Do not call any of these attack probability. The activity hazard layer can be high while the environmental warning score remains low if live environmental signals are missing or quiet.
Examples of activity context:
- Spearfishing
- Diving with catch
- Fishing near reef/dropoff
- Swimming near bait/prey activity
For Western Australia, spearfishing on reef/dropoff habitat with known or suspected white shark suitability strongly raises surveillance priority. It does not automatically raise the environmental warning_score unless live environmental signals also support that.
Rule-Based Factors¶
| Factor | Max Points | Current Rule |
|---|---|---|
| Historical incident density | 20 | Scales from 0 to 20 based on nearby public incident count, capped at 20 incidents. |
| Recent rainfall/runoff | 15 | 10+ mm adds 5, 25+ mm adds 10, 50+ mm adds 15. |
| River mouth distance | 15 | <=1 km adds 15, <=5 km adds 10, <=10 km adds 5. |
| Sea surface temperature / seasonal suitability | 10 | 20-28 C adds 10; shoulder temperatures add 5; seasonal months can add a small boost. |
| Fishing activity | 10 | User/provider signal from 0 to 1 scaled to 10 points. |
| Baitfish / prey indicator | 10 | User/provider signal from 0 to 1 scaled to 10 points. |
| Water visibility | 10 | <1 m adds 10, <3 m adds 6, <5 m adds 3. |
| Human water activity | 10 | User/provider signal from 0 to 1 scaled to 10 points. |
Regional Profiles¶
Phase 3A adds regional_risk_profiles. The API detects the nearest public regional profile and applies region-specific calendars and multipliers to produce:
score: base environmental rule scoreband: base score bandwarning_score: regional-profile-adjusted warning scorewarning_band: adjusted warning bandconfidence: first-pass confidence value based on whether a regional profile matcheddominant_contributing_factors: largest factor contributions after regional adjustment
Current-condition warning responses also return dominant_factors, where every factor includes a numeric contribution value.
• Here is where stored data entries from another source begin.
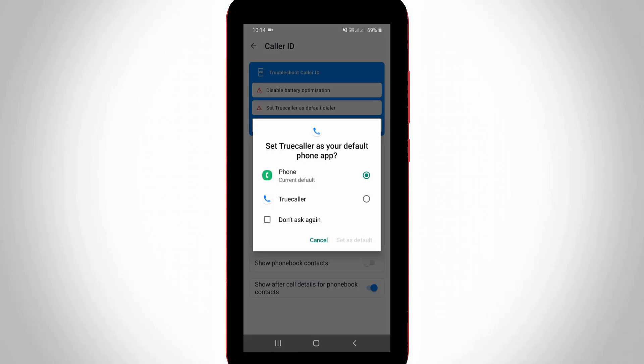So here you can use your phone dialer app as default one and also click to enable this option don't ask again, and then click to save this changes by simply selecting set as default.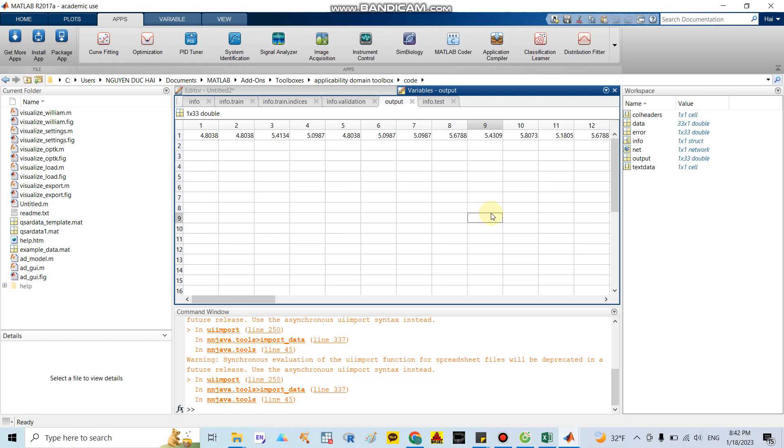Hello everyone, I continue my video about the ANN model for predicting IC50% in the QSAR study. After you click save result, you can see your workplace will show a lot of information here.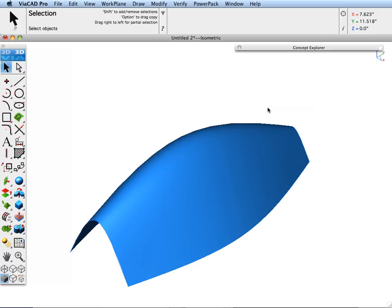In this tip, we're going to demonstrate how to create evenly spaced section cuts through a surface, and then how to quickly step through the sections.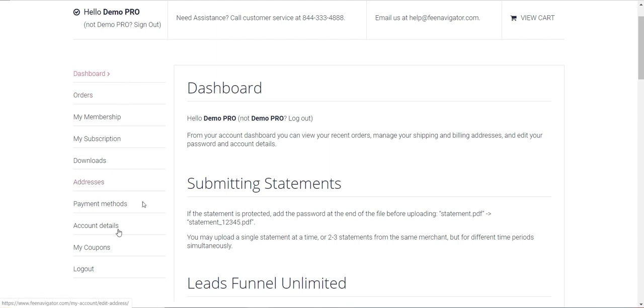You're going to come down here to Account Details. Click this tab and give it a couple seconds to open up.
Missing or stale provider data is listed in missing_data_sources and reduces confidence; it is never silently treated as normal.
Seeded profiles:
- Florida
- Hawaii
- New South Wales, Australia
- Western Australia
- California
- South Africa
- Red Sea
The model does not use one global summer definition. Local summer/high-exposure months are stored per profile.
Special handling:
- Hawaii: October applies a Sharktober multiplier.
- New South Wales and Western Australia: January-February apply Southern Hemisphere high-exposure/high-attention handling.
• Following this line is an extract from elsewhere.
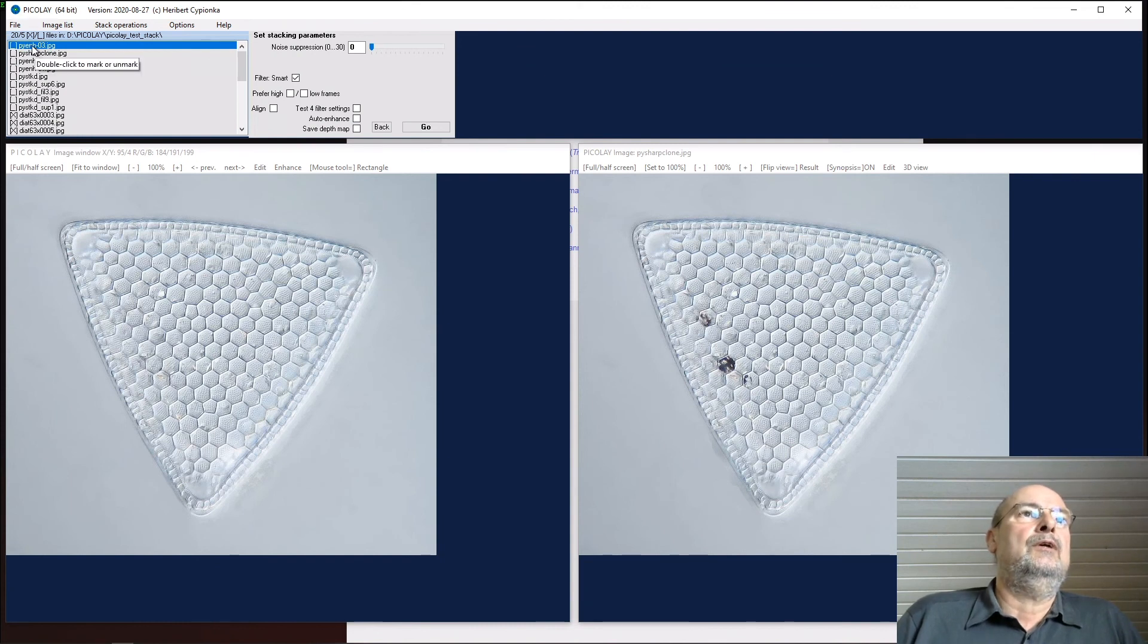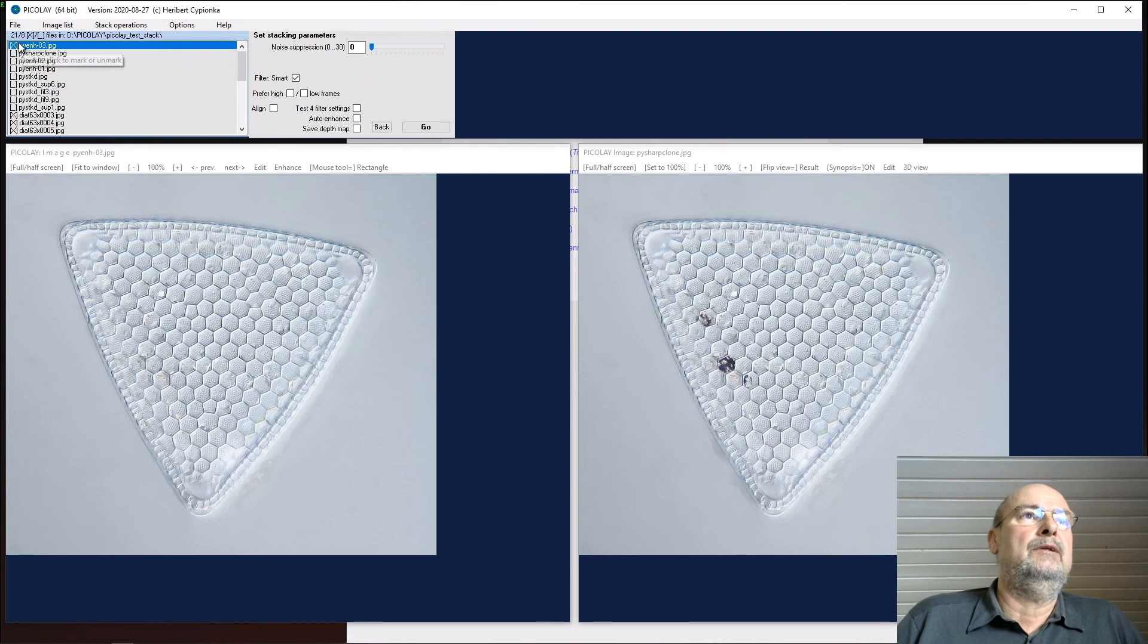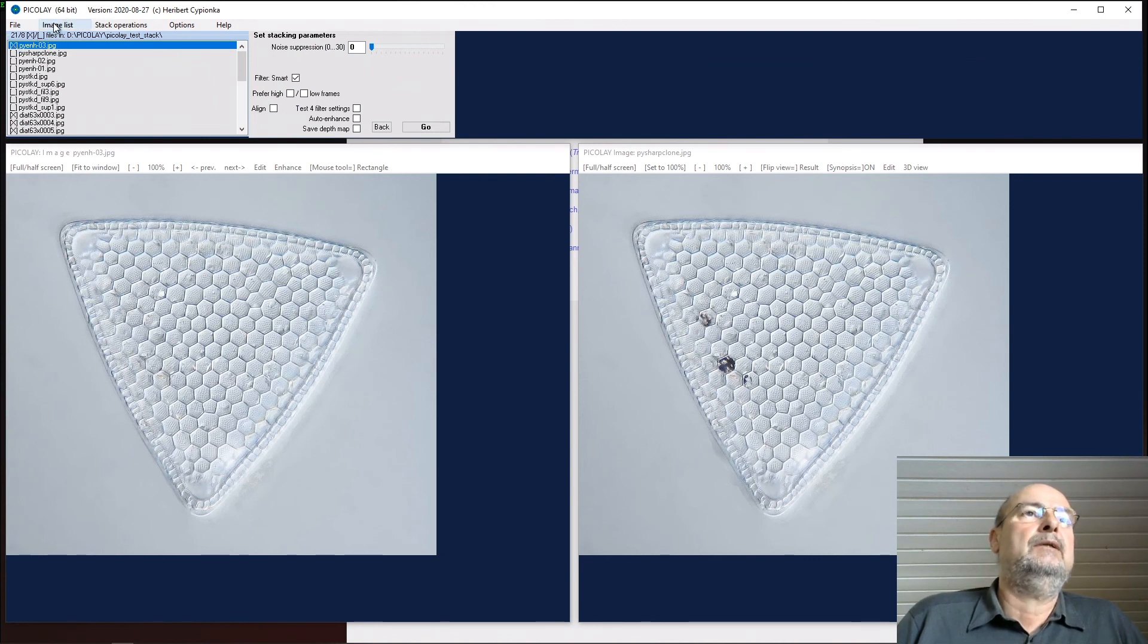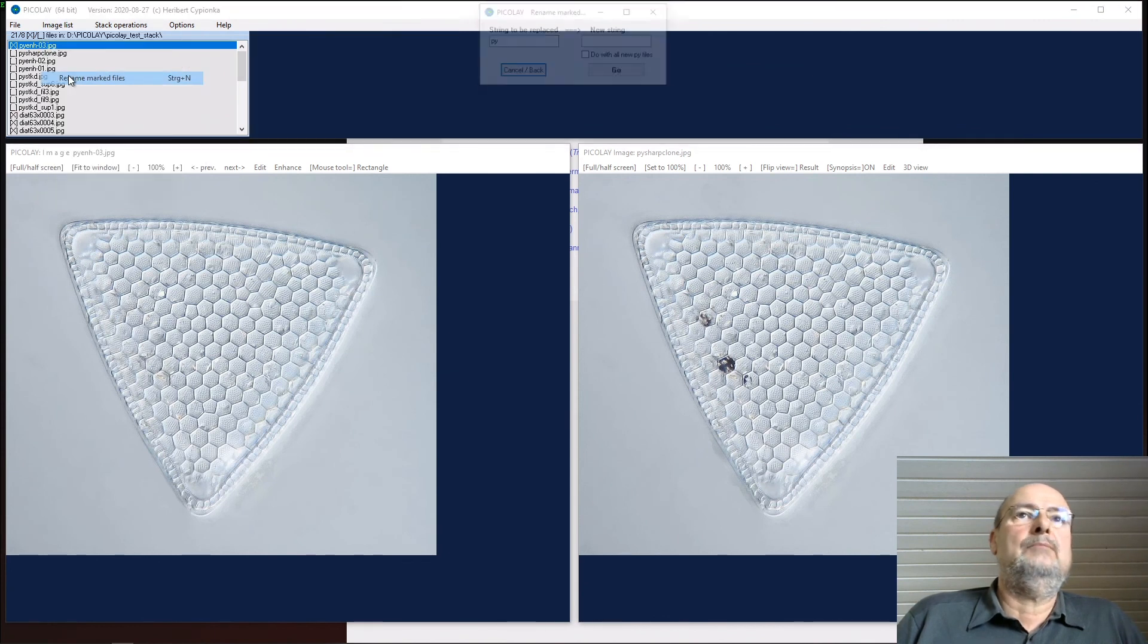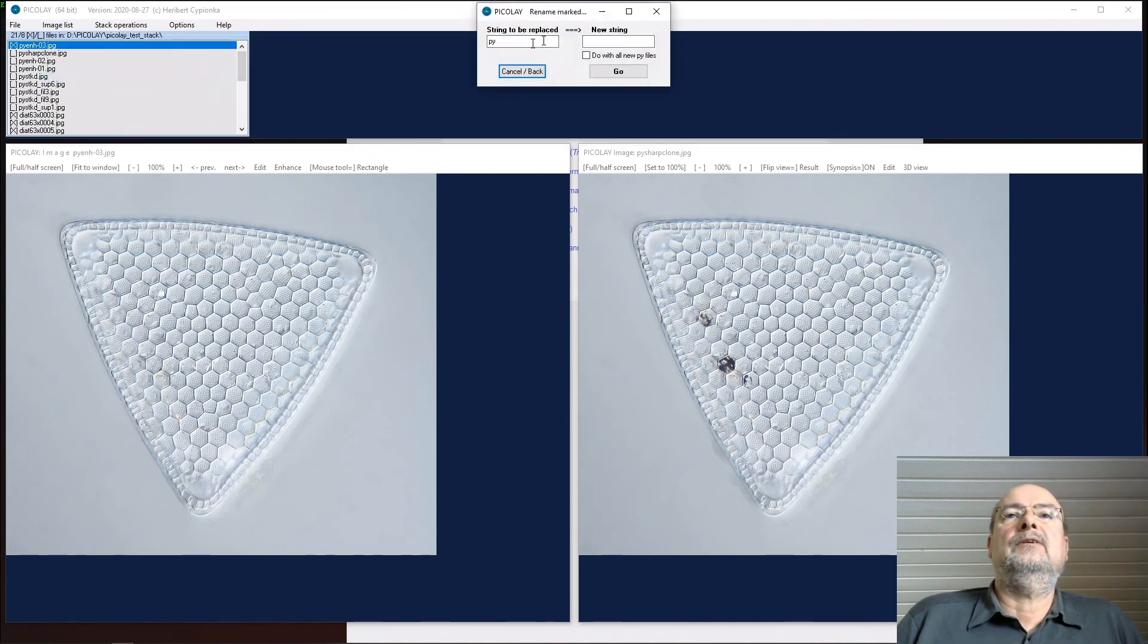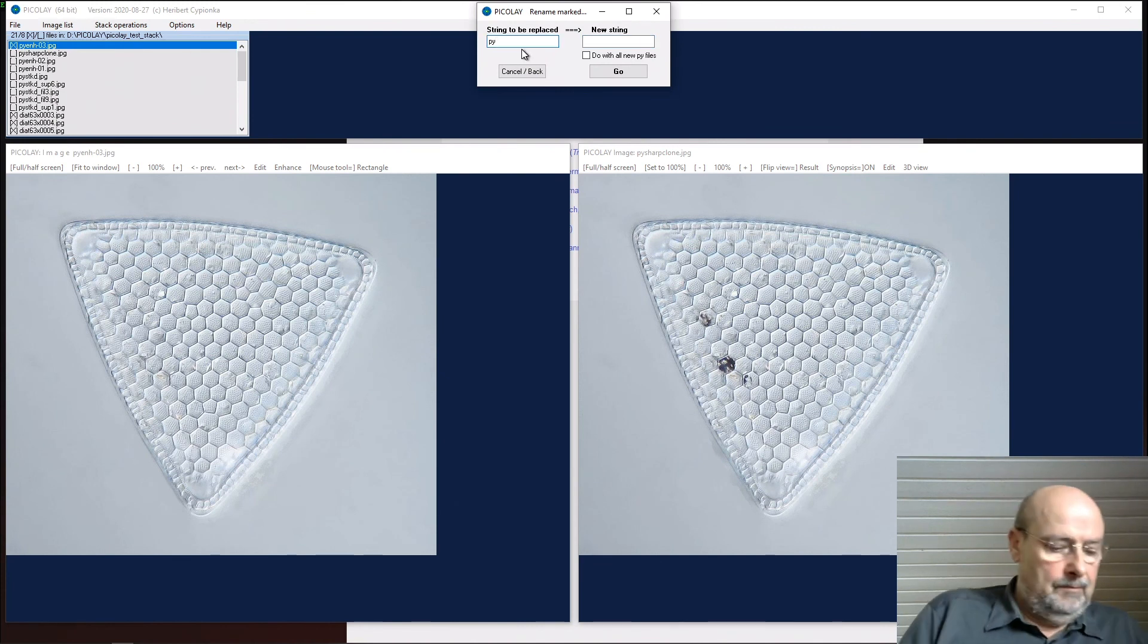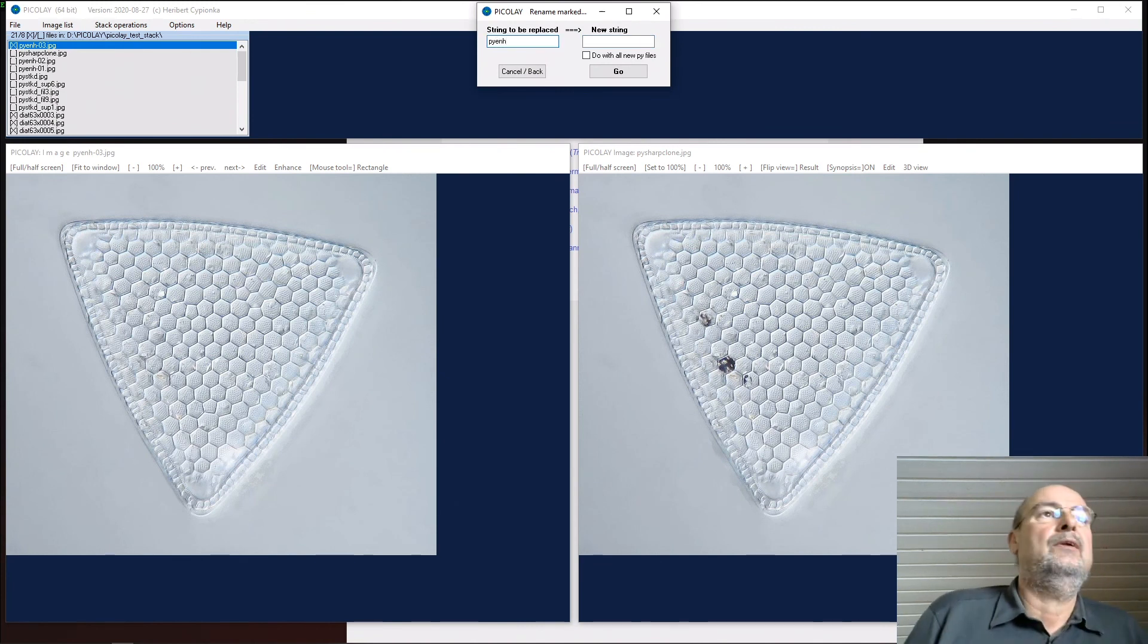Would say click here. Double-click to give it a name - sorry, to make it marked. And now we would say image list, rename marked file, and would say rename Picolet enhanced.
- Florida: weekend exposure and non-summer tourist/beach exposure can increase the human-exposure warning score.
Assumptions¶
- Historical incident density is a coarse proxy for overlap among sharks, humans, habitat, and reporting.
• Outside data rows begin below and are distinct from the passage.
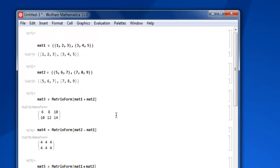So these are some element-wise calculations that you can do in your matrix in Mathematica.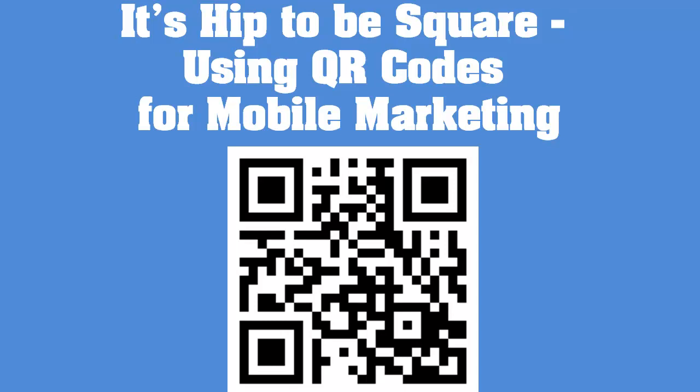So now I'd like to show you how you can actually set up a QR code, and you'll be surprised how easy this is.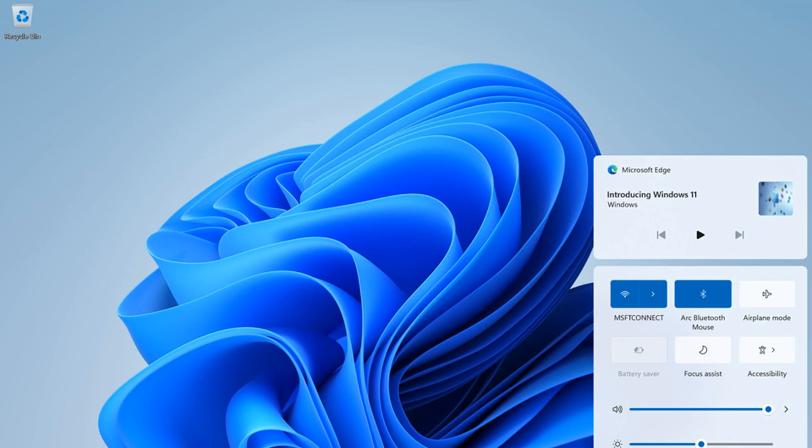Alongside the Windows 11 preview today, Microsoft is also releasing a preview of its Office refresh for Windows 11. The updated UI includes rounded corners in Office apps to match Windows 11 and some changes to how the dark and light modes work.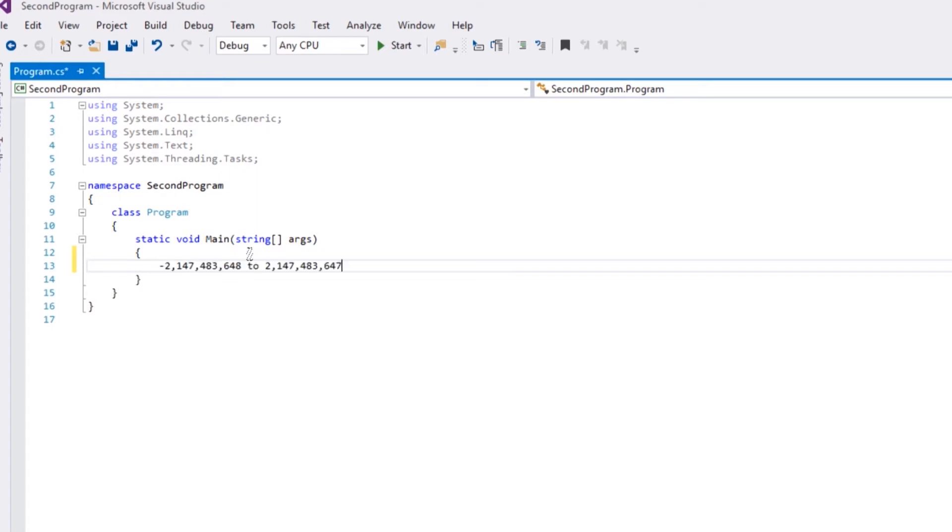Which is minus two billion, one hundred and forty-seven million, four hundred and eighty-three thousand, six hundred and forty-eight to two billion, one hundred and forty-seven million, four hundred and eighty-three thousand, six hundred and forty-seven. Okay, so if you remember that, good on you.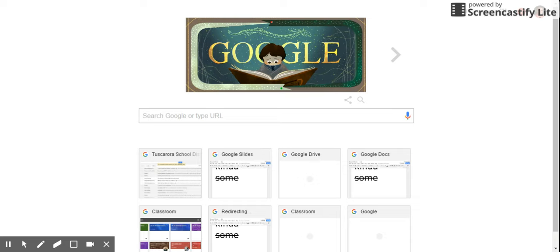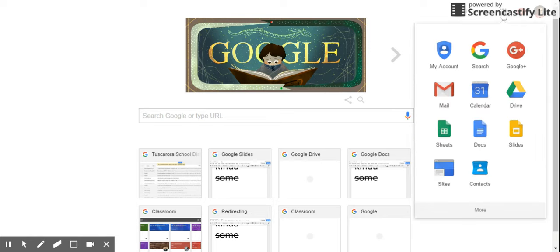Today I'm going to show you how to create a new folder in Google Drive. First, click on Chrome or your internet browser and get to a new tab. From the new tab, click on the nine dots or the hamburger menu, then select Drive.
- Rainfall is treated as a runoff and water-clarity proxy until direct runoff/turbidity feeds are added.
- River mouths, inlets, estuaries, and outflows may concentrate nutrients, prey, turbidity, and predator movement.
- Sea surface temperature is only a coarse seasonal suitability signal.
- Fishing and baitfish indicators are treated as local attractant/prey signals.
- Human water activity changes encounter opportunity, not shark behavior by itself.
- Regional profiles are coarse public-warning profiles; they should be refined with local expert review and official regional data.
Limitations¶
- This model does not predict attacks.
- It does not know whether beaches are open, guarded, or under local warning.
- It does not include real-time shark tracking, drone sightings, lifeguard reports, or official advisories yet.
- It depends on the quality of supplied environmental signals.
- Historical incident data has reporting bias and does not measure exposure-adjusted risk.
Future Data Sources¶
Potential future inputs:
- NOAA sea surface temperature and coastal observations
- Rainfall and river discharge feeds
- Turbidity, water clarity, and sediment plume products
- Tide, moon, swell, and wind data
- Fishing pier, boat ramp, and fishing-pressure proxies
- Baitfish reports, bird-feeding observations, and ecological surveys
- Lifeguard advisories and beach closure feeds
- Local official shark sighting reports
External provider API keys and config must stay in .env or deployment secrets only.